Your task:
Write out the records beneath this line exactly as they appear, minus any images.

Stored data:
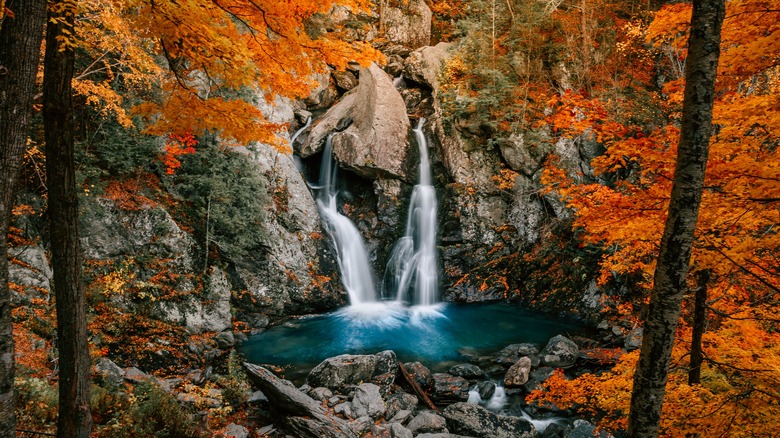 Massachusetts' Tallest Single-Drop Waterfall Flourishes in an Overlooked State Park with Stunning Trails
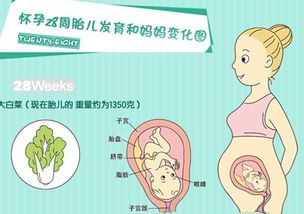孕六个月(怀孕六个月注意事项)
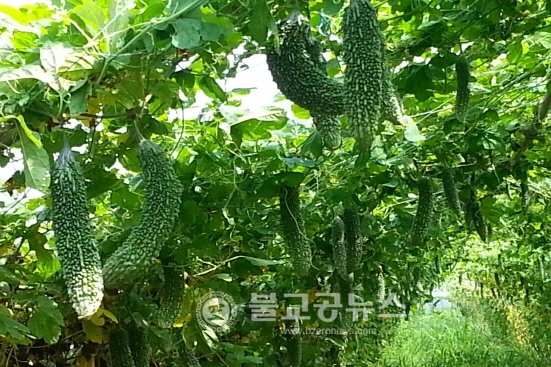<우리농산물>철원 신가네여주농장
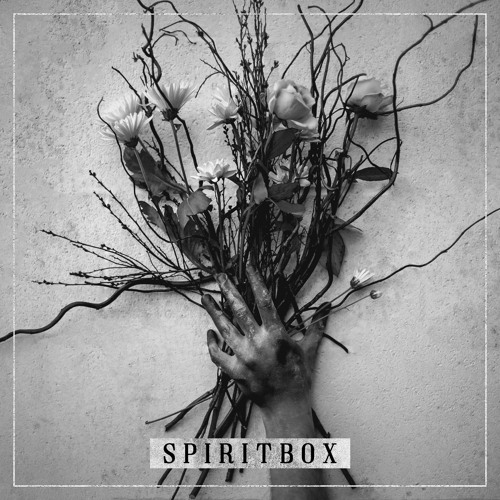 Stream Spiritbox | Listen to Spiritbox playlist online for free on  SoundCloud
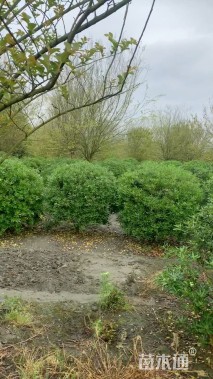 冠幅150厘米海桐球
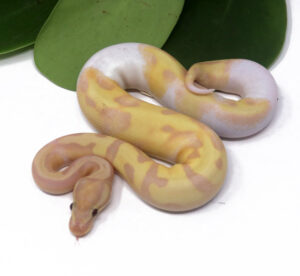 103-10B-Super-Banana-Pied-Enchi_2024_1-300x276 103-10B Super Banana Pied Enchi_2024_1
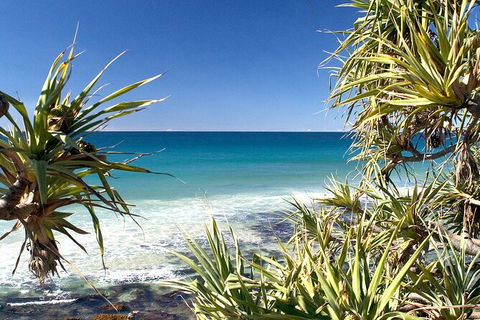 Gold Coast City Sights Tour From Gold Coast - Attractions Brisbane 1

Result of this task:
 Massachusetts' Tallest Single-Drop Waterfall Flourishes in an Overlooked State Park with Stunning Trails
孕六个月(怀孕六个月注意事项)
<우리농산물>철원 신가네여주농장
 Stream Spiritbox | Listen to Spiritbox playlist online for free on  SoundCloud
 冠幅150厘米海桐球
 103-10B-Super-Banana-Pied-Enchi_2024_1-300x276 103-10B Super Banana Pied Enchi_2024_1
 Gold Coast City Sights Tour From Gold Coast - Attractions Brisbane 1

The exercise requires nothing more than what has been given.